FlexGen: High-Throughput Generative Inference of Large Language Models with a Single GPU (2303.06865v2)

Published 13 Mar 2023 in cs.LG, cs.AI, and cs.PF

Abstract: The high computational and memory requirements of LLM inference make it feasible only with multiple high-end accelerators. Motivated by the emerging demand for latency-insensitive tasks with batched processing, this paper initiates the study of high-throughput LLM inference using limited resources, such as a single commodity GPU. We present FlexGen, a high-throughput generation engine for running LLMs with limited GPU memory. FlexGen can be flexibly configured under various hardware resource constraints by aggregating memory and computation from the GPU, CPU, and disk. By solving a linear programming problem, it searches for efficient patterns to store and access tensors. FlexGen further compresses the weights and the attention cache to 4 bits with negligible accuracy loss. These techniques enable FlexGen to have a larger space of batch size choices and thus significantly increase maximum throughput.
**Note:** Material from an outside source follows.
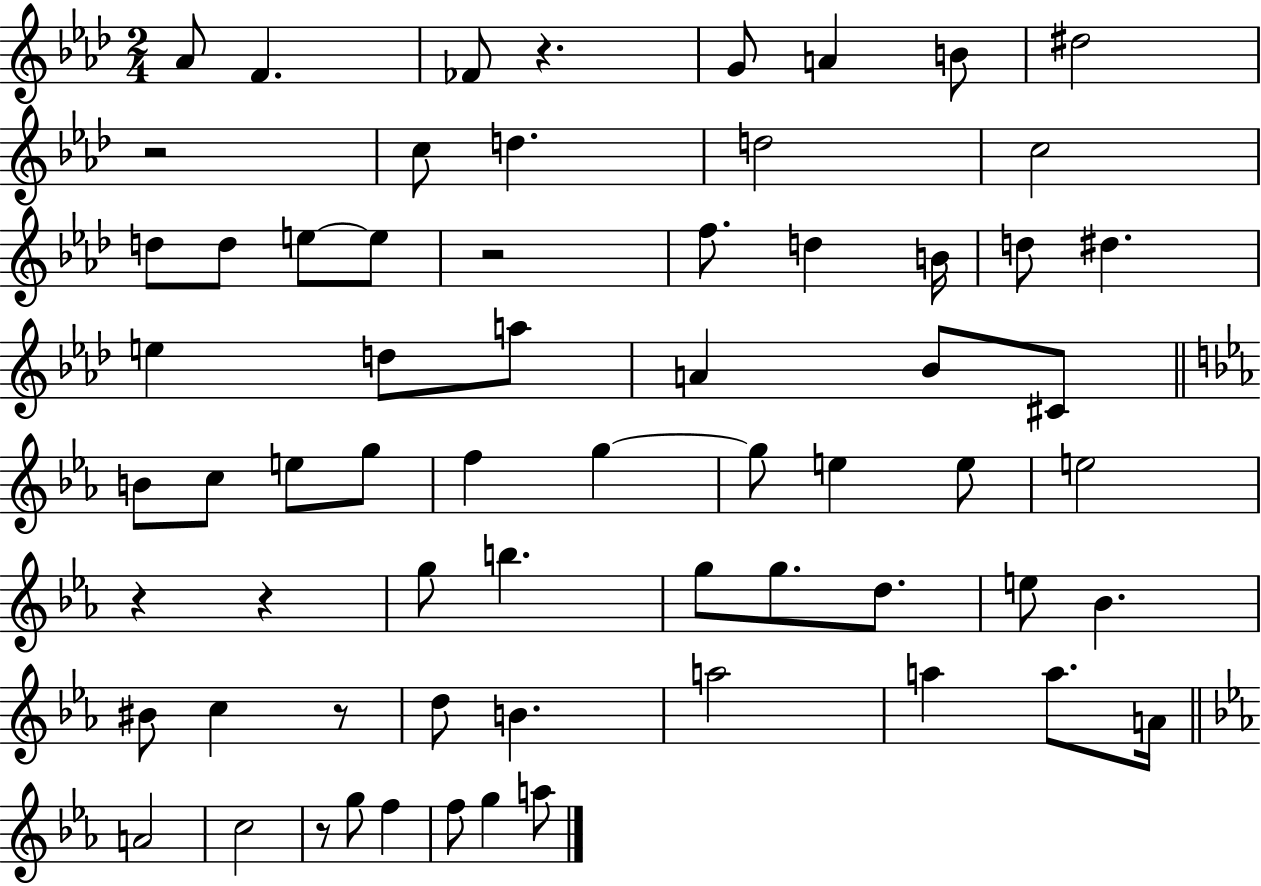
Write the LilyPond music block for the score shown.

As a result, when running OPT-175B on a single 16GB GPU, FlexGen achieves significantly higher throughput compared to state-of-the-art offloading systems, reaching a generation throughput of 1 token/s for the first time with an effective batch size of 144. On the HELM benchmark, FlexGen can benchmark a 30B model with a 16GB GPU on 7 representative sub-scenarios in 21 hours. The code is available at https://github.com/FMInference/FlexGen

PDF HTML Abstract

FlexGen: High-Throughput Generative Inference of LLMs with a Single GPU

The paper investigates FlexGen, a sophisticated framework designed to optimize generative inference of LLMs, particularly under constraints of limited computational resources such as a single GPU. Given the expansive computational and memory demands inherent to LLMs, FlexGen represents a strategic response to facilitate efficient inference without requiring multiple high-end accelerators.

Key Contributions

Offloading Framework: FlexGen capitalizes on an offloading strategy that integrates computational capacities across GPU, CPU, and disk. By formulating the inference process as a graph traversal problem, FlexGen identifies optimal storage and compute strategies to minimize execution time. Emphasizing throughput-oriented workloads, FlexGen utilizes a zig-zag block computation schedule. This approach enables substantial weight reuse, thus enhancing I/O efficiency and supporting larger batch sizes.
Quantization and Compression: One of the key innovations lies in compressing both model weights and the KV cache to 4-bit quantized formats. This compression achieves significant reductions in memory usage and I/O operations while maintaining an accuracy that is nearly equivalent to FP16 implementations. This strategy aligns with FlexGen’s goal to maximize batch size and throughput on commodity hardware.
Performance Benchmarking: The performance of FlexGen is empirically validated through rigorous comparisons with prevailing systems like DeepSpeed ZeRO-Inference and Hugging Face Accelerate. When deployed on a single T4 GPU with constrained RAM and SSD capacity, FlexGen demonstrated its capability to execute inference on the OPT-175B model with unprecedented throughput, significantly outmatching existing offloading solutions. FlexGen achieved a throughput of 1 token per second using a 16GB GPU, showcasing a potential throughput increase of approximately 100 times relative to baseline systems.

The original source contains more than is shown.